The Current BCS = BS.
We need to abolish the BCS “System” once and for all.
I found this clever website which will send a “BS Flag” to the BCS mailbox for you for FREE.
Pretty clever. I just did it. If enough true fans do the same thing, maybe, just maybe, the BCS Committee will get the message loud and clear!
http://www.BSFlag.com/BCS
TaylorTRoom said:
December 13th, 2008 at 11:26 am
I looked at the BCS computer rating websites. Most of them describe their methodology, even if in just vague terms. Only two describe qualitatively what they think the top team should be. Billinsley thinks the top team is the team playing best at season’s end (unfortunately, that means your November schedule has is everything). Colley says he is looking for the “best body of work” in a season.
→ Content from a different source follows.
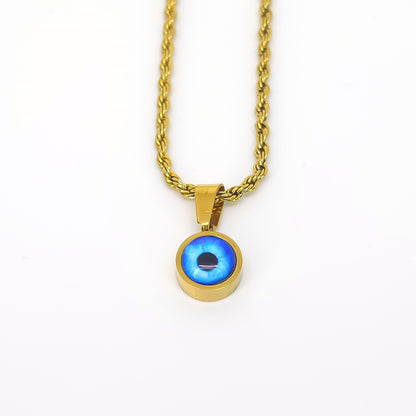 Blue "Protective Eye" necklace – gold stainless steel with glass pendant and braided chain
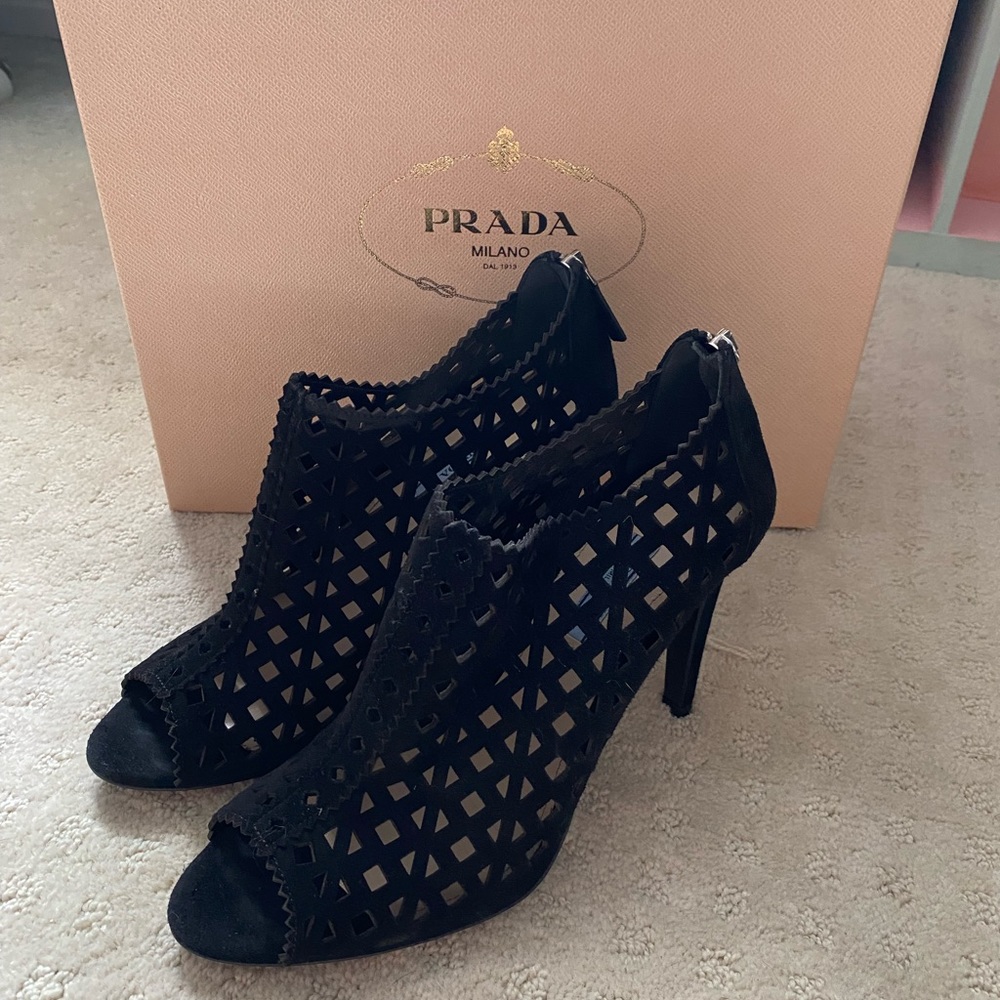 Prada Black Laser Cut Peep Toe Suede Bootie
Billinsley and Colley also seem to not know what to do with D-1AA teams, so they ignore those games. Therefore, their system penalizes a team for playing SMU, but not for playing Chattanooga, which is 10 times worse.
TaylorTRoom said:
December 13th, 2008 at 11:44 am
My experience in mathematical modeling is that you always need to keep in mind what your goal is. What are you trying to capture? There are always so many decisions and tradeoffs that you can’t construct a good model without an “ideal” or goal in mind. If you’re trying to model a ranking of college football teams, what is your criteria? Best team at the end (argument for OU)? Best body of work (Texas, because it has the best win to date)? Most consistently good (argument for Utah, or any other undefeated teams)?
The polls capture all this by surveying scores of biased individuals, with their biases factored out by the large number voting. A well-constructed computer system can do this with objective data, but you need to know what it will yield.